0

I have a file containing data that is meaningful only in chunks of certain size which is appended at the start of each chunk, for e.g.

{chunk_1_size}
{chunk_1}
{chunk_2_size}
{chunk_2}
{chunk_3_size}
{chunk_3}
{chunk_4_size}
{chunk_4}
{chunk_5_size}
{chunk_5}
.
.
{chunk_n_size}
{chunk_n}

The file is really really big ~ 2GB and the chunk size is ~20MB (which is the buffer that I want to have)

I would like to Buffer read this file to reduce the number to calls to actual hard disk.

But I am not sure how much buffer to have because the chunk size may vary.

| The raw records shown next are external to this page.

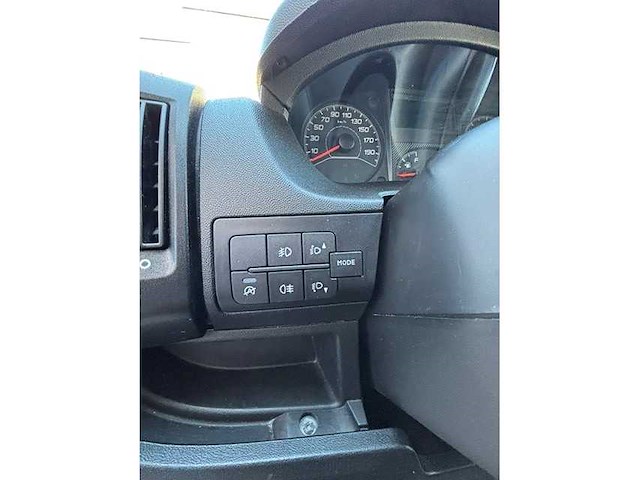 Peugeot - boxer - van - afbeelding 3 van  20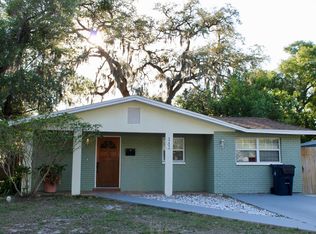 3202 N Highland Ave, Tampa, FL 33603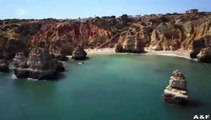Ein Sommer in -31- an der Algarve
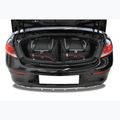 Комплект сумок для багажника KJUST Mercedes-Benz C Cabrio 2016-2021 4 шт. чорний 12
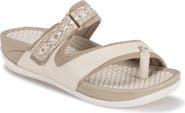BARETRAPS Deserae Slide Sandal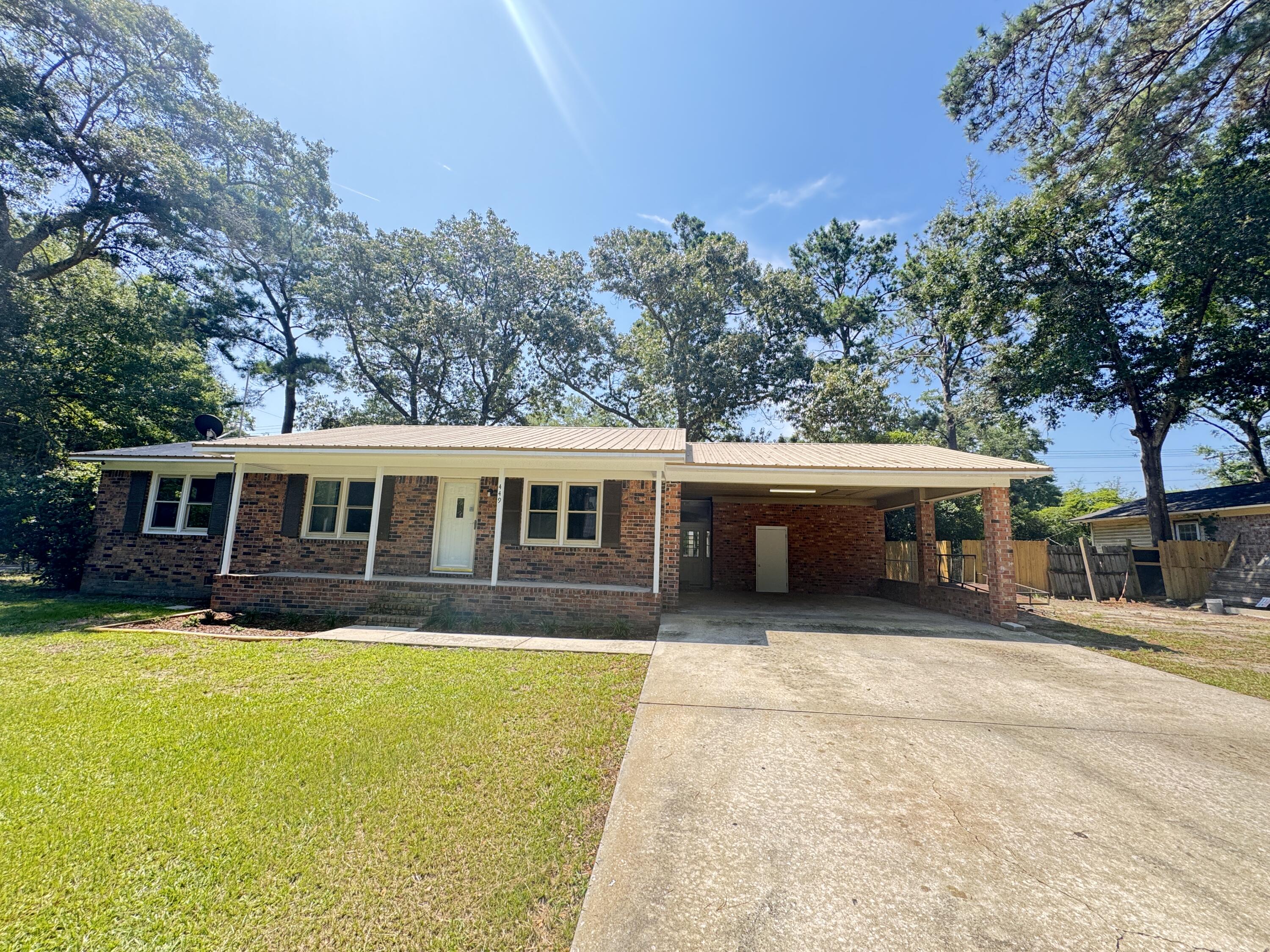 449 Estates Drive Walterboro, SC 29488 - Photo 6 of 30 IMG_0707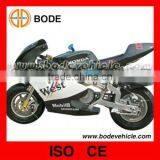 NEW ELECTRIC 350W CE POCKT BIKE (MC-201) thumbnail-1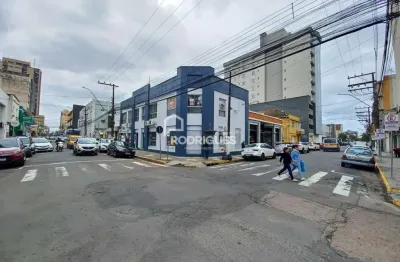 Ponto comercial com 1 sala para alugar na Rua Marquês do Herval, 727, Centro, São Leopoldo por R$ 6.500
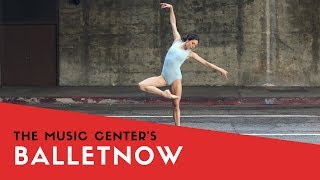 Ballet Now (2018) Video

pseudo code of what I have in mind:

while(!EOF) {
    /*chunk is an integer i.e. 4 bytes*/
    readChunkSize(); 
    /*according to chunk size read the number of bytes from file*/
    readChunk(chunkSize);   
}

If lets say I have random buffer size then I might crawl into situations like:

  1. First Buffer contains chunkSize_1 + chunk_1 + partialChunk_2 --- I have to keep track of leftover and then from the next buffer get the remaning chunk and concatenate to leftover to complete the chunk
  2. First Buffer contains chunkSize_1 + chunk_1 + partialChunkSize_2 (chunk size is an integer i.e. 4 bytes so lets say I get only two of those from first buffer) --- I have to keep track of partialChunkSize_2 and then get remaning bytes from the next buffer to form an integer that actually gives me the next chunkSize
  3. Buffer might not even be able to get one whole chunk at a time -- I have to keep hitting read until the first chunk is completely read into memory
Nick Div
  • 5,338
  • 12
  • 65
  • 127

2 Answers2

0

You don't have much control over the number of calls to the hard disk. There are several layers between you and the hard disk (OS, driver, hardware buffering) that you cannot control.

Set a reasonable buffer size in your Java code (1M) and forget about it unless and until you can prove there is a performance issue that is directly related to buffer sizes. In other words, do not fall into the trap of premature optimization.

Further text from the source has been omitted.